US shale: outlook and forecasts?

US shale production forecasts by basin

What outlook for US shale in the energy transition? This model sets out our US shale production forecasts by basin. It covers the Permian, Bakken and Eagle Ford, as a function of the rig count, drilling productivity, completion rates, well productivity and type curves. US shale likely adds +1Mbpd/year of production growth from 2023-2030, albeit flatlining in 2024, then re-accelerating on higher oil prices. Our shale outlook is also summarized below.


What outlook for shale in energy transition?

Shale is a technology paradigm where well productivity has risen by 3-7x over the past decade, through ever greater digitization. Shale economics are very strong, with 20% IRRs at $50/bbl oil on shale oil (model here) or at $2.8/mcf on shale gas (model here). We think 100bn bbls of recoverable shale resources remain in the US and ultimately, liquids production could be ramped up from 10Mbpd in 2023 to 17Mbpd by 2030 (note here), and most of this will be needed as energy shortages loom.

However the US shale industry has shifted its focus towards capital discipline and ESG. US shale averages 10kg/boe on a Scope 1 upstream basis (data here), shale oil averages 25kg/boe on a full Scope 1&2 basis running up to the refinery gate (data here) and 55kg/boe on a refined basis running up to the point of combustion (data here). The spread is wide, after comparing and contrasting 425 companies here and here. The best decarbonization opportunities for shale are mitigating flaring and methane leaks followed by electrification. Ultimately, we think the best operators could reach CO2 neutrality.

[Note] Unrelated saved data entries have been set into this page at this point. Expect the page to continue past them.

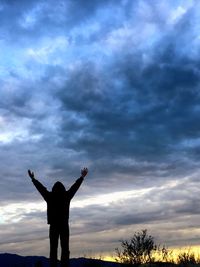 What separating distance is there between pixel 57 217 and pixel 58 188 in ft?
2.60

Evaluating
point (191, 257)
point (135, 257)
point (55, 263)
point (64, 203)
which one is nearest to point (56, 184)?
point (64, 203)

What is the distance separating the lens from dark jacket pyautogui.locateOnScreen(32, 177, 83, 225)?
46.1 ft

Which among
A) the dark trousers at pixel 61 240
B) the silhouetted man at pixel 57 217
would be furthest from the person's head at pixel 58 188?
the dark trousers at pixel 61 240

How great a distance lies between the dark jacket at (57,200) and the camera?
553 inches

The most important questions on shale are how the resource base and well productivity will trend. This has been the topic of our shale research, and our latest views are covered in our 2024 shale outlook. Historically, we have also undertaken large reviews of the pace of shale technology progress, based on technical papers (examples here and here). There are fifty variables to optimize. And we are most excited about big data techniques, fiber optics and shale-EOR.

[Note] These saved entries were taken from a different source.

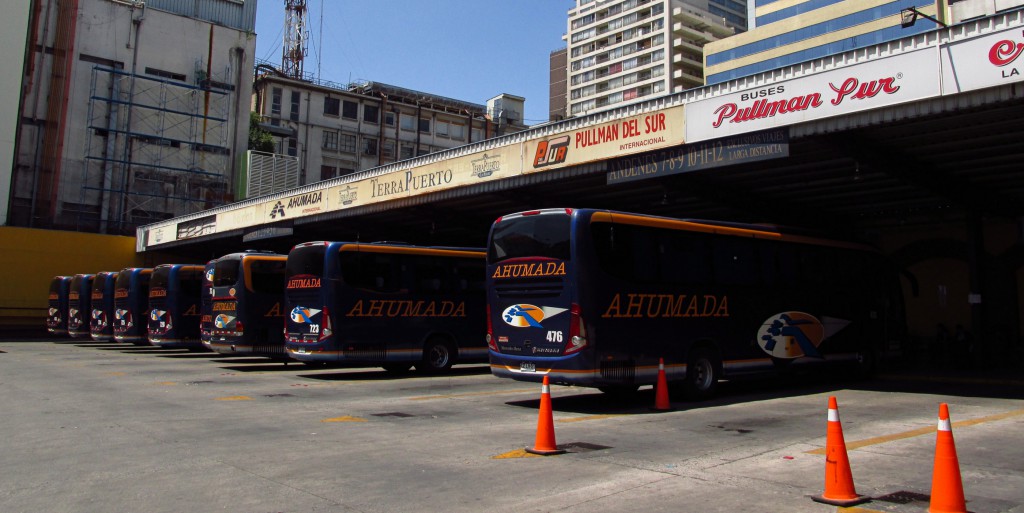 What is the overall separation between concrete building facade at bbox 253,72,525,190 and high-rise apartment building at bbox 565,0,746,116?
27307 mm

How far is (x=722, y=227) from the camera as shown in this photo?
48.2 feet

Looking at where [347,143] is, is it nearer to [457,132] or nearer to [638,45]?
[457,132]

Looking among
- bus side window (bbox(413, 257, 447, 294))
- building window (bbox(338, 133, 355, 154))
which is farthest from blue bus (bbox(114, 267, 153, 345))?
building window (bbox(338, 133, 355, 154))

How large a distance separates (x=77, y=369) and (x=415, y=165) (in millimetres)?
11048

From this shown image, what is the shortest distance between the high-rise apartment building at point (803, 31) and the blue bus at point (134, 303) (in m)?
45.4

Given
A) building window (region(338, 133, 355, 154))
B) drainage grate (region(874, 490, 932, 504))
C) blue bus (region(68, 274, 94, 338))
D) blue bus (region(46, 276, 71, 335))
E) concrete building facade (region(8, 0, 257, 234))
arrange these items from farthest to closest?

Modelling US shale production by basin?

Our model for US shale production looks at each of the main basins, using a factor breakdown. Total production in month T1 = Total production in month T0 + new additions – base declines. To calculate new monthly additions, we multiply (a) number of rigs running (b) wells drilled per rig per month (c) wells completed per well drilled (d) initial production of newly completed wells (IP30). And to calculate the base declines, we fit a best-fit type curve onto the new additions from past months. This model has worked quite smoothly for 6-years now, including history going back to 2011 and forecasts going out through 2030.

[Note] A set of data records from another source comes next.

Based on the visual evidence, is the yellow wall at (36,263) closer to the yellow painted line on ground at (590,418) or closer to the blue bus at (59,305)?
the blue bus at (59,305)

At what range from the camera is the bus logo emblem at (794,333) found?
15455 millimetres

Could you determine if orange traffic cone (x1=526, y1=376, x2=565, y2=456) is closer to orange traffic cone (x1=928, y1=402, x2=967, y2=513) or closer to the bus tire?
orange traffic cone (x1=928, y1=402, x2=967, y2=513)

The Permian basin is the largest US shale oil basin, with 8Mbpd of total liquids production in 2023. Over the past six years from 2017-2023, the Permian basin has seen an average of 340 rigs running, drilling an average of 1.2 wells per rig per month, completing 1.06 wells for every well drilled (DUC drawdown) at an initial production rate of 780bpd (IP30 basis), adding +850kbpd/year of new supply to global oil markets. We still see strong growth potential, and the Permian could reach 14Mbpd of total liquids production by 2030, amidst higher activity and oil prices. All of these variables can be stress-tested in the model.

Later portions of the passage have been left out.